December 14, 2005

Beware Dictators Bearing Oil IV

Carroll Andrew Morse

Senator Jack Reed and Senator Lincoln Chafee have helped broker a deal to bring heating oil assistance supplied by Venezuelan autocrat Hugo Chavez. Senator Reed has no problem doing business with Chavez because he believes the deal is not political. According to John E. Mulligan in the Projo

Sen. Jack Reed has minimized the controversy, saying that the first associaton many people have with Citgo is the company's sign near Fenway Park in Boston.
Citgo is a subsidiary of Venezuela's state-run oil company.

From what the Projo presents, Senator Chafee goes further in justifying dealing with Chavez. Chafee blames America first…

Sen. Lincoln D. Chafee said he can understand why Chavez believes he has not been accorded respect by the Bush administration. Chafee said Mr. Bush should invite Chavez to the Oval Office for a meeting. Noting that Chavez has ties to Cuban President Fidel Castro, Chafee partly attributed the bad blood between the two governments to Mr. Bush's desire to pander to Cuban-Amercans in Florida before the 2004 election.
If Senator Chafee thinks that Chavez bears any responsibility for strained US-Venezuela relations, the Projo does not mention it.
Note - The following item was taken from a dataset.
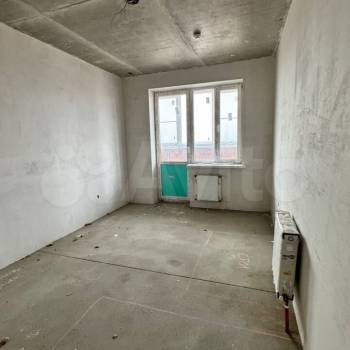 Продается 2-х комнатная квартира, 57 м²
Supporters of the assistance program point out, reasonably, that it is unfair to single out the Chavez government for vilification. America does business with lots of bad characters to keep the oil flowing. The world’s largest oil producer, Saudi Arabia, is not exactly a bastion of civil liberties.

But no one pretends that Saudi Arabia is a liberal democracy. President Bush himself has called for political reform in Saudi Arabia. Here is President Bush speaking before the National Endowment for Democracy this past October…

By standing for the hope and freedom of others we make our own freedom more secure.

America is making this stand in practical ways. We're encouraging our friends in the Middle East, including Egypt and Saudi Arabia, to take the path of reform, to strengthen their own societies in the fight against terror by respecting the rights and choices of their own people.

As the President is willing to challenge the Saudi government about its need to respect the rights and choices of its people, are Senators Reed and Chafee willing to challenge the Venezuelan government to respect the rights and choices of its people? Ironcially, the chain of events leading to the oil assistance deal provides a perfect context in which to do so....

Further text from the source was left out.